И вот к этому человеку, наверняка встававшему еще до рассвета, и хотел отвести меня отец.
Магистр Пупилл Орбилий держал школу в большом доме в верхней части Велабра, между базиликой, а точнее, тем, что позднее должно было стать базиликой Юлия, и святилищем Опы и Цереры, напротив Палатинского холма, неподалеку от Флументанских ворот.
Покинув нашу комнату и спустившись по лестнице, мы окунулись в атмосферу, которую запахи вина, угля и мяса делали невозможной для дыхания, и попали в большой зал, где ужинали накануне.
Зал был старательно закрыт и забаррикадирован изнутри, и не без причины, поскольку у дверей мы обнаружили спящими вповалку вчерашних посетителей: одни сидели, прислонившись к стене, другие лежали под пустыми аркадами; все были налицо, даже танцовщица и ее чернокожая флейтистка.
Отец расплатился с трактирщиком, справился о нашем маршруте, и мы отправились в путь.

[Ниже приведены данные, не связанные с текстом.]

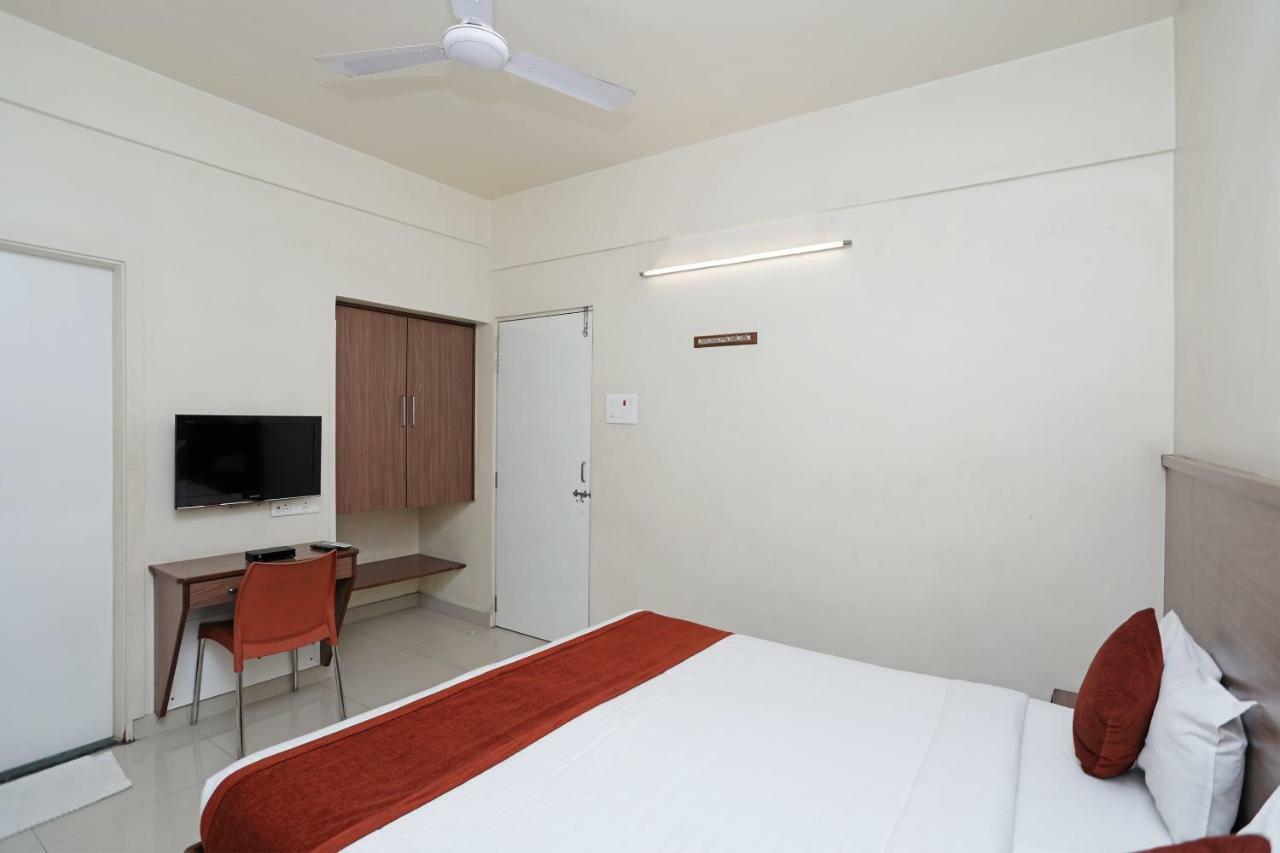 Oyo 4104 Surya Villa Pune Exteriör bild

Когда мы подошли к подножию храма Геркулеса Помпеева, ничто более не ограничивало мне обзора, и я увидел по ту сторону Тибра четырнадцатый округ, то есть Яникул, который высился, подобно зеленому амфитеатру, сплошь усеянному храмами и величественными зданиями.
Это было все равно что, выйдя из преисподней, увидеть вдруг Елисейские поля.

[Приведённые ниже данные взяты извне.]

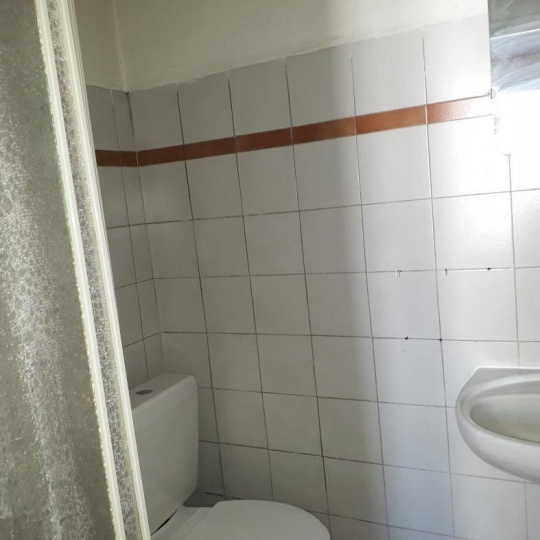  Annonces PONT DU GARD : Appartement | UZES (30700) | 22 m2 | 320 &euro;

Перед нами, по ту сторону реки, находились храм и священная роща Фуррины, где в 633 году от основания Рима, то есть за шестьдесят шесть лет до того, как весь этот город внезапно предстал перед моим взором, был убит Гай Гракх, и гробница Нумы Помпилия, огромное и величественное сооружение, зрелище которого так глубоко запечатлелось в моей памяти, что спустя двадцать лет в своей оде, посвященной Августу, я написал следующую строфу:
Мы видели, как Тибр, поворотя теченье
С этрусских берегов, желтеющей волной
На памятник царя направил разрушенье,
На Весты храм святой.[14]
По левую руку от нас, тоже на правом берегу Тибра, находилась Портовая дорога, а позади нее были видны те роскошные сады Цезаря, какие спустя двенадцать лет ему предстояло оставить римскому народу в своем завещании, так умело истолкованном Антонием; и, наконец, левее виднелся остров Тиберина, который напоминал огромный корабль на якоре, пришвартованный к правому берегу мостом Цестия, а к левому — мостом Фабриция, и посреди которого высился храм Эскулапа.
Наконец-то я получил представление о великолепии Рима!
Я спросил отца, нет ли у него желания идти не прямо к нашему учителю, а взамен этого пересечь реку по мосту, находившемуся по левую руку от нас, и вернуться в Велабр по мосту, находившемуся по правую руку от нас.